- **What is being asked**
Could you copy out all the lines in the material below where the word "deleted" occurs?

- **Records shown**
--------------------------------------------------
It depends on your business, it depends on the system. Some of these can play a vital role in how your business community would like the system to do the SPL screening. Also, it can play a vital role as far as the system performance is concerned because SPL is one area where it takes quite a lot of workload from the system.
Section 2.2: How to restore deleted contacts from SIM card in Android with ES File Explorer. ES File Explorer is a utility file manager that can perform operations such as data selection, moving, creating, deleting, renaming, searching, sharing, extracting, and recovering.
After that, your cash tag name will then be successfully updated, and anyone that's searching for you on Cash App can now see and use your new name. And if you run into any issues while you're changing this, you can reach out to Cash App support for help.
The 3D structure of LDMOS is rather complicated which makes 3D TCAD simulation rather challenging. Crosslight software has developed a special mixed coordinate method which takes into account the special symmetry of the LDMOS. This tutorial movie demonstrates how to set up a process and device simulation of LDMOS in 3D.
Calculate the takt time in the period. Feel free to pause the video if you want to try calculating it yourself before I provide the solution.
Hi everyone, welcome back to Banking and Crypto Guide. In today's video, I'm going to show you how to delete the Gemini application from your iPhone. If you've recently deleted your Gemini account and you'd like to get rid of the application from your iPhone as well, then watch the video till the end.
--------------------------------------------------
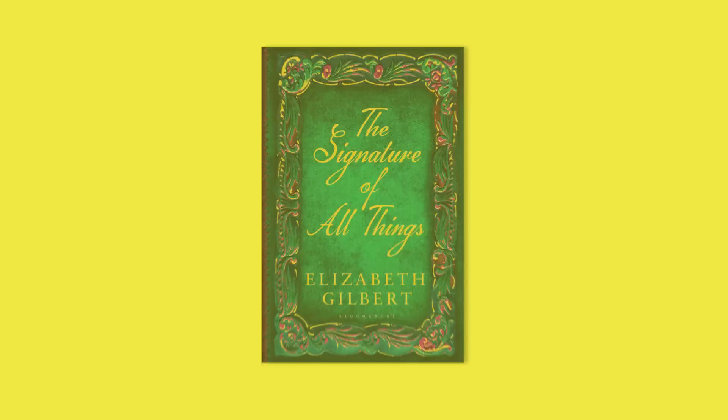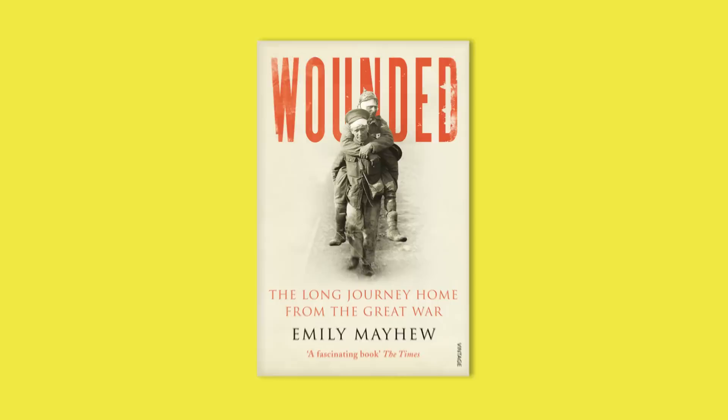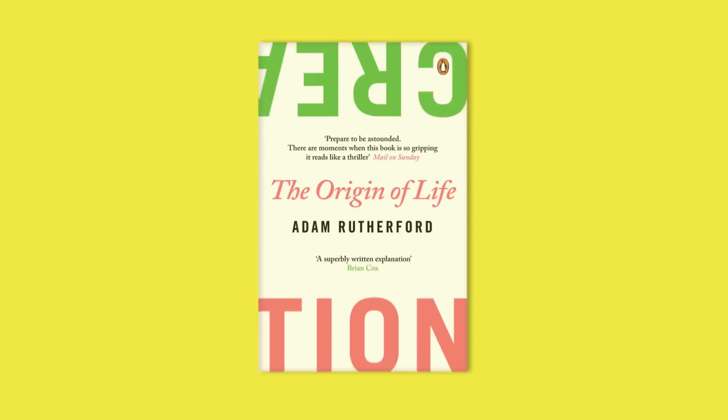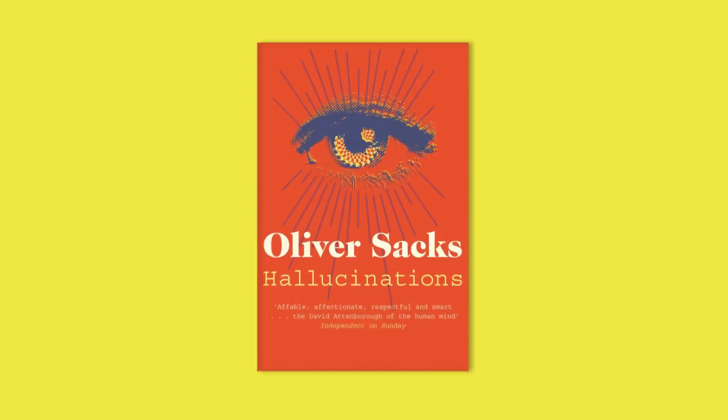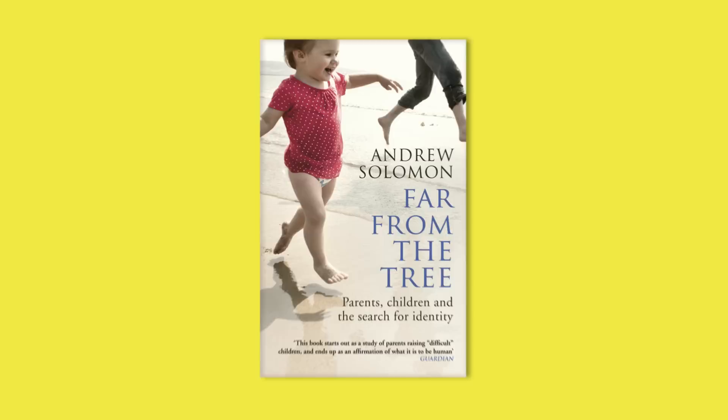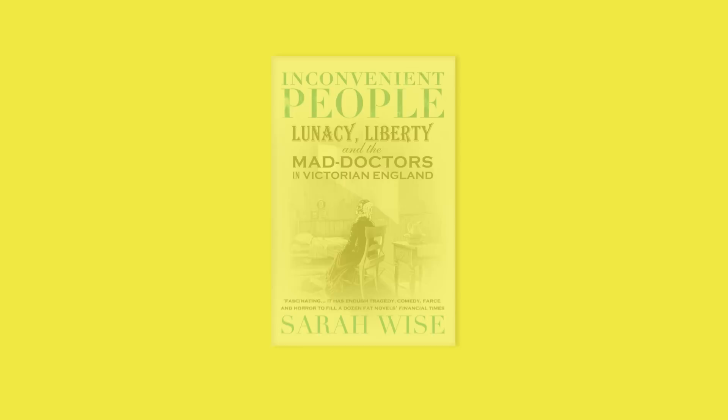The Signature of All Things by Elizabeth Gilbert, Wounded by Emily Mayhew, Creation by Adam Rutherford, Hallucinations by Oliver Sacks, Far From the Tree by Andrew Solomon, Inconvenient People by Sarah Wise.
--------------------------------------------------
- **Response**
Section 2.2: How to restore deleted contacts from SIM card in Android with ES File Explorer. ES File Explorer is a utility file manager that can perform operations such as data selection, moving, creating, deleting, renaming, searching, sharing, extracting, and recovering.
Hi everyone, welcome back to Banking and Crypto Guide. In today's video, I'm going to show you how to delete the Gemini application from your iPhone. If you've recently deleted your Gemini account and you'd like to get rid of the application from your iPhone as well, then watch the video till the end.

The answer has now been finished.